Input records START
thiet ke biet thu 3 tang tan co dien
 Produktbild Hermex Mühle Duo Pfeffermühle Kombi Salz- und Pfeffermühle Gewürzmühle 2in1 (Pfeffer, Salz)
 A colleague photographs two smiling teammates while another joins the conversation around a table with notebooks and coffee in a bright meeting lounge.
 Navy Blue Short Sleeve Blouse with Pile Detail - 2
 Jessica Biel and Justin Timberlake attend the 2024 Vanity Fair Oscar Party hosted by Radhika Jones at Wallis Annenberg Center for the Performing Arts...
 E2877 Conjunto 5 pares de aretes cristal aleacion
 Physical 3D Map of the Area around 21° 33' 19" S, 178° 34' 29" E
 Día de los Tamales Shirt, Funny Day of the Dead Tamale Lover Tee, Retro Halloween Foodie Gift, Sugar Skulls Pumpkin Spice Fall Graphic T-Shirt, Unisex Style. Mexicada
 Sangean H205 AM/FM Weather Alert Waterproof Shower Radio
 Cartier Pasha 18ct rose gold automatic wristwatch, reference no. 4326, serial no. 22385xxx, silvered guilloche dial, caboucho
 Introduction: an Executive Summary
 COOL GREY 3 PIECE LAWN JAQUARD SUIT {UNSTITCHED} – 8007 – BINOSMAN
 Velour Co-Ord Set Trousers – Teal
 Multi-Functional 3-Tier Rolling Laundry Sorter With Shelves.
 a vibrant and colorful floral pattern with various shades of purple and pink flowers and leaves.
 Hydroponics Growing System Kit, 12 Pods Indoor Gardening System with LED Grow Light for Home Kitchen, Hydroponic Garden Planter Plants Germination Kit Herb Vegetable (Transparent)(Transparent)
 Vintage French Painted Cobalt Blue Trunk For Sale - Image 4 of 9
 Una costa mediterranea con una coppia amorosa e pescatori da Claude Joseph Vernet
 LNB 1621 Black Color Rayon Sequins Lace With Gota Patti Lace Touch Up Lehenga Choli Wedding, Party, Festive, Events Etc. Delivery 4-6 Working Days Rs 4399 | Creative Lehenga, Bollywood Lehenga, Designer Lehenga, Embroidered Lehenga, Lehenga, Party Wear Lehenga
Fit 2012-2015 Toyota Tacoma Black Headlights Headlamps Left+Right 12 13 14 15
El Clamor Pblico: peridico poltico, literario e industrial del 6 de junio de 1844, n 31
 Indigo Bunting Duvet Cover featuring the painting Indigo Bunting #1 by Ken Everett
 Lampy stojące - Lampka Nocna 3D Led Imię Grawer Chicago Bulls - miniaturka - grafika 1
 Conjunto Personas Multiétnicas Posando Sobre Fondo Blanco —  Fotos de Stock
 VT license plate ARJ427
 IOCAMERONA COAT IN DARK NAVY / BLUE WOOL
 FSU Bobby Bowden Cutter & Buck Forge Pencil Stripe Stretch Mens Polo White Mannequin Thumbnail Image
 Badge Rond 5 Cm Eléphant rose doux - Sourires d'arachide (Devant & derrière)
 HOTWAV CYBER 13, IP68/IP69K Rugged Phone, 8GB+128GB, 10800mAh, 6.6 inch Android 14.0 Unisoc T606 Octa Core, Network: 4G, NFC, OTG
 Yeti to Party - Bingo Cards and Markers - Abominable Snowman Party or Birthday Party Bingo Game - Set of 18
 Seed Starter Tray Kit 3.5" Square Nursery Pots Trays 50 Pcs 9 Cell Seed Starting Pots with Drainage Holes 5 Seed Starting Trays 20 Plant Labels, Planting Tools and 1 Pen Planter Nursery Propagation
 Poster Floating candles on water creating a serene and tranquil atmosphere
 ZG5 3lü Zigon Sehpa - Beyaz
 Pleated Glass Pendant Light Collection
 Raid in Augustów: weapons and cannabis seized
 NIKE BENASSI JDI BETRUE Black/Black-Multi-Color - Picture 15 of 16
Input records END
● **Assignment**: Find "Raid in Augustów: weapons" in the entries above, then repeat its line and all lines after it exactly, down to the last line.

● **Result of this exercise**:
 Raid in Augustów: weapons and cannabis seized
 NIKE BENASSI JDI BETRUE Black/Black-Multi-Color - Picture 15 of 16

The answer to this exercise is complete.